McAllister Sean D, Hurst Dow P, Barnett-Norris Judy, Lynch Diane, Reggio Patricia H, Abood Mary E
California Pacific Medical Center Research Institute, San Francisco, California 94115, USA.
J Biol Chem. 2004 Nov 12;279(46):48024-37. doi: 10.1074/jbc.M406648200. Epub 2004 Aug 23.
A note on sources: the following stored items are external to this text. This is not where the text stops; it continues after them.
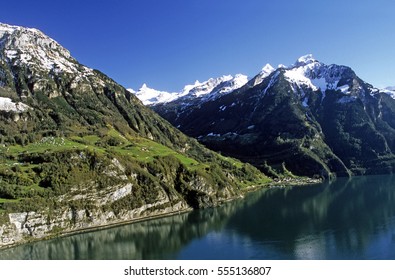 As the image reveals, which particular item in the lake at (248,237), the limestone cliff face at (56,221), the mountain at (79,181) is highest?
the mountain at (79,181)

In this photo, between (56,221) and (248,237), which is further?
(56,221)

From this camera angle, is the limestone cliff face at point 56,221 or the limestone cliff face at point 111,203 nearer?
the limestone cliff face at point 56,221

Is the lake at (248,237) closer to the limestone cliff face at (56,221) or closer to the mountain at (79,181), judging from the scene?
the limestone cliff face at (56,221)

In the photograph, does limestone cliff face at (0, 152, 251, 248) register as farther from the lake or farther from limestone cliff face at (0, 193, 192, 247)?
the lake

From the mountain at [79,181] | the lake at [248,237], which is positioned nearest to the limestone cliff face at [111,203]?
the mountain at [79,181]

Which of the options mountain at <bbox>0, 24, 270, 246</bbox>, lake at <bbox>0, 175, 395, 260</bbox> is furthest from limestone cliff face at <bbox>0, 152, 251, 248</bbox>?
lake at <bbox>0, 175, 395, 260</bbox>

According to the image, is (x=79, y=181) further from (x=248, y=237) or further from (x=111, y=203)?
(x=248, y=237)

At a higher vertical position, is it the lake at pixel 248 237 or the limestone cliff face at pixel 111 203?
the limestone cliff face at pixel 111 203

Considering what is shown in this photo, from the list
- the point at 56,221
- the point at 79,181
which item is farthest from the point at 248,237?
the point at 79,181

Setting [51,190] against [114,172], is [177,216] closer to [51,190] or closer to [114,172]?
[114,172]

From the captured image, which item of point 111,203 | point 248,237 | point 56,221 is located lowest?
point 248,237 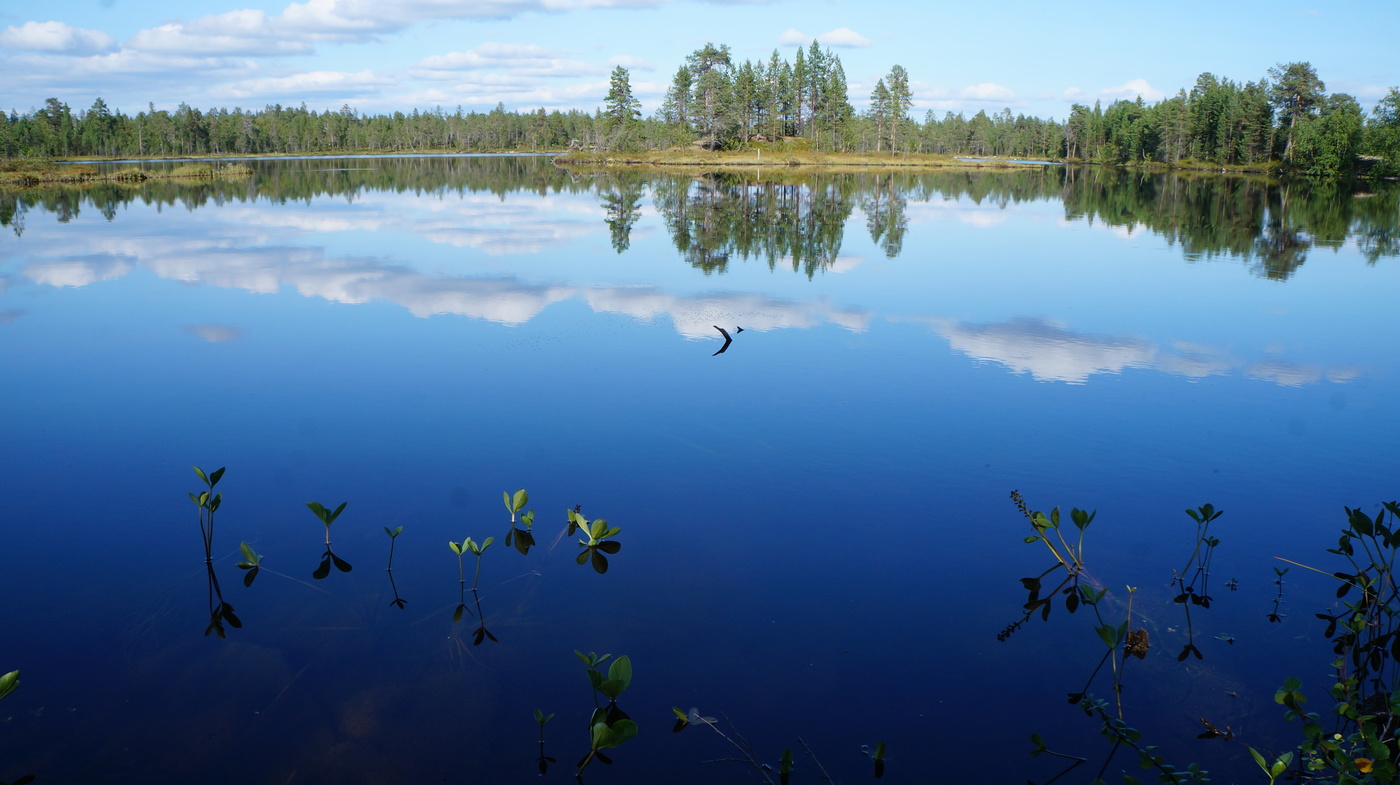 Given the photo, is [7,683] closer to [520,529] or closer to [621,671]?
[621,671]

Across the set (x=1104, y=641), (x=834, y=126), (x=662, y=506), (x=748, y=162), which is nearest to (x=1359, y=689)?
(x=1104, y=641)

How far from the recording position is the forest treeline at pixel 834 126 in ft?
258

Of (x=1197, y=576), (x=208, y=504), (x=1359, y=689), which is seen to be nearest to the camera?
(x=1359, y=689)

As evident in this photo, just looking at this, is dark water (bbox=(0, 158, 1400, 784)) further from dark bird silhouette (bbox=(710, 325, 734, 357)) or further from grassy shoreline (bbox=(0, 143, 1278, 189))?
grassy shoreline (bbox=(0, 143, 1278, 189))

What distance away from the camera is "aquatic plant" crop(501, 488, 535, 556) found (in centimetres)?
657

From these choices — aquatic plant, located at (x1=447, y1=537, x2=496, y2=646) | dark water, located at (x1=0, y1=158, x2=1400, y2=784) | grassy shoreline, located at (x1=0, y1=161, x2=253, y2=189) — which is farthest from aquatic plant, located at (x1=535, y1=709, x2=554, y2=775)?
grassy shoreline, located at (x1=0, y1=161, x2=253, y2=189)

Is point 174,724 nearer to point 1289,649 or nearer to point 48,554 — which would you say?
point 48,554

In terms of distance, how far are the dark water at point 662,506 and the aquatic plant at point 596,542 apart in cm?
15

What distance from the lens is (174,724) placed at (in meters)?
4.77

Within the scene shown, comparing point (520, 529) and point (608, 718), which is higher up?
point (520, 529)

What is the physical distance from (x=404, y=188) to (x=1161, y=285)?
4553 cm

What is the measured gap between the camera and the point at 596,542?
22.4 ft

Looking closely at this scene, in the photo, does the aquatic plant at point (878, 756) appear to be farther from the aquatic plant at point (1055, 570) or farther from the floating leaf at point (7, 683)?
the floating leaf at point (7, 683)

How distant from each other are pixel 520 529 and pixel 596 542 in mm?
698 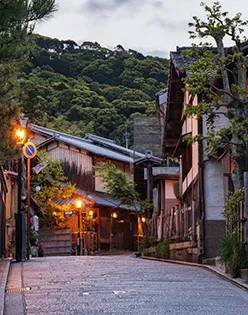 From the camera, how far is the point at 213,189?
25.2m

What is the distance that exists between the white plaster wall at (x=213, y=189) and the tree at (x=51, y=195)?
80.7 ft

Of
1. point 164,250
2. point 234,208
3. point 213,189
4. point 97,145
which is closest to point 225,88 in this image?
point 234,208

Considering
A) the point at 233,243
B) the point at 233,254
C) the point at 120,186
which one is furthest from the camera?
the point at 120,186

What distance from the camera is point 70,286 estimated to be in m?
13.7

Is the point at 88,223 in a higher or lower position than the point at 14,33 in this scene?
lower

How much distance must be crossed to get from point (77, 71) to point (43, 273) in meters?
80.6

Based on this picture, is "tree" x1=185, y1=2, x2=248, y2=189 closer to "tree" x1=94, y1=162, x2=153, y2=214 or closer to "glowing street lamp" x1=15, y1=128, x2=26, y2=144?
"glowing street lamp" x1=15, y1=128, x2=26, y2=144

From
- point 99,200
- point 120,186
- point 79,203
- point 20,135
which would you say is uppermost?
point 20,135

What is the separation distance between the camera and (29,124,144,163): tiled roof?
56688 millimetres

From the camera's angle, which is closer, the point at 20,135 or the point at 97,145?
the point at 20,135

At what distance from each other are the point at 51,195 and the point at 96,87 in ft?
136

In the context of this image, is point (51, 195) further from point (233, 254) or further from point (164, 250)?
point (233, 254)

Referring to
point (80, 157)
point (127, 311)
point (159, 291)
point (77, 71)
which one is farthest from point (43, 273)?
point (77, 71)

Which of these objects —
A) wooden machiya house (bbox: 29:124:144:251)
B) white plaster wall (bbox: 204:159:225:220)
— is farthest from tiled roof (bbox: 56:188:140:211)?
white plaster wall (bbox: 204:159:225:220) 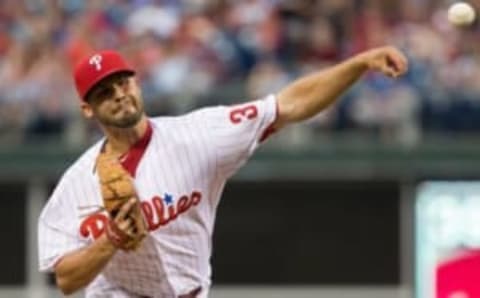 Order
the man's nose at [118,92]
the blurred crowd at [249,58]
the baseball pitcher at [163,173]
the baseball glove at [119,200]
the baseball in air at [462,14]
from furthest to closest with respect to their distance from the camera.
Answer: the blurred crowd at [249,58] → the baseball in air at [462,14] → the baseball pitcher at [163,173] → the man's nose at [118,92] → the baseball glove at [119,200]

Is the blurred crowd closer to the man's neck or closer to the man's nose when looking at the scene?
the man's neck

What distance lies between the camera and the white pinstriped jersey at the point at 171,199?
762 cm

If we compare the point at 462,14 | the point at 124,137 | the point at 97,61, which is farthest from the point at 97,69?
the point at 462,14

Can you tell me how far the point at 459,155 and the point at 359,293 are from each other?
4.96ft

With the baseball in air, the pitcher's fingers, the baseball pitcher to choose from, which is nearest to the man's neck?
the baseball pitcher

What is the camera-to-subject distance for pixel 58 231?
763 centimetres

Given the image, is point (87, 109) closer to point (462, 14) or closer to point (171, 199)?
point (171, 199)

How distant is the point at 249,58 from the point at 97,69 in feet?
22.4

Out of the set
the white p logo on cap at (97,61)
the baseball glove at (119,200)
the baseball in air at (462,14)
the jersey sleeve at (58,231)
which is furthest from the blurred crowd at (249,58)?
the baseball glove at (119,200)

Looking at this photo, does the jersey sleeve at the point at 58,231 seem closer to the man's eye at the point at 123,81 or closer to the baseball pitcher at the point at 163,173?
the baseball pitcher at the point at 163,173

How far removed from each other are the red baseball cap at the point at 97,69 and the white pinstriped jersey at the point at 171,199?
387 mm

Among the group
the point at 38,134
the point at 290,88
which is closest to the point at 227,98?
the point at 38,134

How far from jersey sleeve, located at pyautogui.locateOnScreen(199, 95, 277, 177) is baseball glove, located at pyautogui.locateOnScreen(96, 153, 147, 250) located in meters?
0.70

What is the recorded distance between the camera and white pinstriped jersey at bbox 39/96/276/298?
7.62 meters
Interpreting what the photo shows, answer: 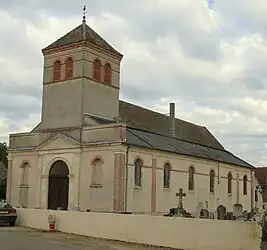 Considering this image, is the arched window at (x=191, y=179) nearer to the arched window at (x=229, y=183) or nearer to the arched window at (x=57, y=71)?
the arched window at (x=229, y=183)

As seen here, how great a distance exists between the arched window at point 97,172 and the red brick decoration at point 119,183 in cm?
153

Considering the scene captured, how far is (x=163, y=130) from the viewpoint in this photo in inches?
1715

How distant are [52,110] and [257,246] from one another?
2320 centimetres

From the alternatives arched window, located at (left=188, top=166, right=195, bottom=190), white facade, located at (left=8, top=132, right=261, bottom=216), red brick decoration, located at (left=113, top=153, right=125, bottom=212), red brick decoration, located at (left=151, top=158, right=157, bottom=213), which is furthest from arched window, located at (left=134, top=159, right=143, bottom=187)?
arched window, located at (left=188, top=166, right=195, bottom=190)

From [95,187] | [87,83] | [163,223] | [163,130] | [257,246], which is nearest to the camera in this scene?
[257,246]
In this study, we tested the hypothesis that a CB(1) TMH3-4-5-6 aromatic microdomain, which includes F3.25(190), F3.36(201), W5.43(280), and W6.48(357), is centrally involved in CB(1) receptor activation, with the F3.36(201)/W6.48(357) interaction key to the maintenance of the CB(1)-inactive state. We have shown previously that when F3.36(201), W5.43(280), and W6.48(357) are individually mutated to alanine, a significant reduction in ligand binding affinity is observed in the presence of WIN 55,212-2 and SR141716A but not CP55,940 and anandamide. In the work presented here, we report a detailed functional analysis of the F3.36(201)A, F3.25(190)A, W5.43(280)A, and W6.48(357)A mutant receptors in stable cell lines created in HEK cells for agonist-stimulated guanosine 5'-3-O-(thio)triphosphate (GTPgammaS) binding and GIRK1/4 channel current effects in Xenopus oocytes where the mutant proteins were expressed transiently. The F3.36(201)A mutation showed statistically significant increases in ligand-independent stimulation of GTPgammaS binding versus wild type CB(1), although basal levels for the W6.48(357)A mutant were not statistically different from wild type CB(1). F3.36(201)A demonstrated a limited activation profile in the presence of multiple agonists. In contrast, enhanced agonist activation was produced by W6.48(357)A. These results suggest that a F3.36(201)/W6.48(357)-specific contact is an important constraint for the CB(1)-inactive state that may need to break during activation. Modeling studies suggest that the F3.36(201)/W6.48(357) contact can exist in the inactive state of CB(1) and be broken in the activated state via a chi(1) rotamer switch (F3.36(201) trans, W6.48(357) g+) --> (F3.36(201) g+, W6.48(357) trans). The F3.36(201)/W6.48(357) interaction therefore may represent a "toggle switch" for activation of CB(1).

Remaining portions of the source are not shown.